Доказательству этого достаточно абсурдного тезиса отданы титанические усилия, а в результате колоссы остались на своих местах, как бы Набоков ни уверял, что у них глиняные ноги. И выяснилось только одно: самому Набокову роман «с тенденцией» — философский, интеллектуальный, моралистический — органически чужд. Хотя впоследствии критики обнаружат у него пропасть идей и даже родственность древним гностическим доктринам, толкующим о единой сущности мира и об эманациях, придающих дуализм всем жизненным явлениям (можно представить, в какой ужас пришел бы Набоков, прочитав о себе что-нибудь в подобном роде!).

Дискредитировать Достоевского он, однако, так и не смог — ни своими уверениями, что это не проза, а набор банальностей, ни парадоксами, ни пародиями (чаще всего сомнительного качества). Ни желчным высокомерием эстета. Ни наигранным непониманием законов, которым подчинено действие в «Преступлении и наказании». Неприязнь ослепляла, и Набоков со своим прославленно безупречным вкусом мог утверждать, что с героями Достоевского, в сущности, ничего не происходит на протяжении всего романа: они под конец остаются теми же, что в начальных главах, в очистительный кризис, который пережит Раскольниковым, не веришь. Или что Сонечка — сентиментальная проститутка, ничего больше. Или что Мышкин — законный потомок Иванушки-дурачка и прародитель «бодрых дебилов» из рассказов Зощенко.

В итоге, потратив столько сил на дезавуацию мнимого гения, Набоков завершает свою баталию с Достоевским примерно так же, как библейский Иаков, который боролся с противником, именуемым Некто. Иаков вышел из схватки с порванной жилой на бедре: не одолев Бога, но, впрочем, и не уступив. Вероятно, среди студентов, наблюдавших ристалище, были такие, кто присудил победу своему педагогу (хотя можно понять и вышедшего из аудитории — нападки Набокова уж слишком однообразны и голословны). Их скорее всего не смущали и комически звучащие утверждения в том роде, что Достоевский неплох как автор детективов с блестками юмора, однако несостоятелен по реальным критериям оценки: как «явление мирового искусства», как настоящий талант. На самом деле писать он не умел, олицетворял претенциозность, пошлость под накидкой глубокомыслия, за которым, если вдуматься, нет ничего, кроме «бесконечного копания в душах людей с комплексами» — теми, что потом особенно интересовали «венского шарлатана», как Набоков раз за разом называет доктора Фрейда, об учении которого он почти ничего не знал.
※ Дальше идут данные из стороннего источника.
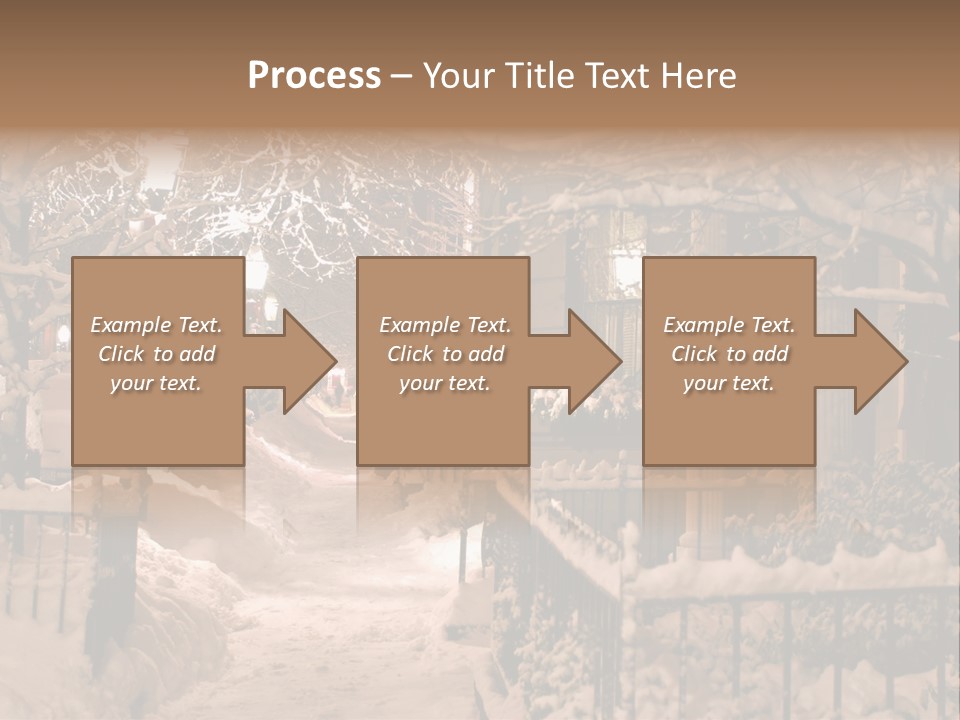 Stock Image Of A Snowing Winter At Boston, Massachusetts, Usa PowerPoint Template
Несостоятелен, разумеется, оказался не Достоевский, а Набоков в качестве его интерпретатора. Но и высказывая мнения, для любого добросовестного историка литературы совершенно некорректные, он хотя бы отчасти прав в том отношении, что защищает творческие установки, которые обязательны для него самого и для литературы, признающей примерно такие же художественные приоритеты. Для читателей Набокова его лекции, может быть, всего интереснее как раз там, где он особенно субъективен. Высказывая еретические мысли и яростно их защищая, он лишний раз убеждает, что собственные его произведения невозможно оценивать в согласии с теми нормами, что были ему полностью чужды. Невозможно и незачем искать у него философские глубины. Немыслимо и вообразить, что, как у Достоевского, его герои будут вести равноправный диалог с автором. Напрасны ожидания, что из-под его пера выйдут сцены, написанные, как говорится, кровью сердца.

Всего этого Набоков в литературе не признавал, ополчаясь, например, и на Диккенса, которого любил с детства. «Совершенно ясно, — пишет он, приступая к разбору „Холодного дома“, — что меня больше интересует чародей, нежели рассказчик историй или учитель». И дальше Диккенсу сильно достается за стремление превращать свои книги в обвинительные акты против тогдашнего английского общества. За приверженность реформам, откровенное морализаторство, пристрастие к «сентиментальной чуши». Какие-то из этих упреков справедливы, хотя несложно возразить: уберите чувствительность и пафос — перед вами окажется другой писатель, возможно, более совершенный, но другой. А значит, исчезнет и все то, что Набокова в нем восхищало: туман, безумие, канцлерский суд, «дети, их тревоги, незащищенность, их скромные радости».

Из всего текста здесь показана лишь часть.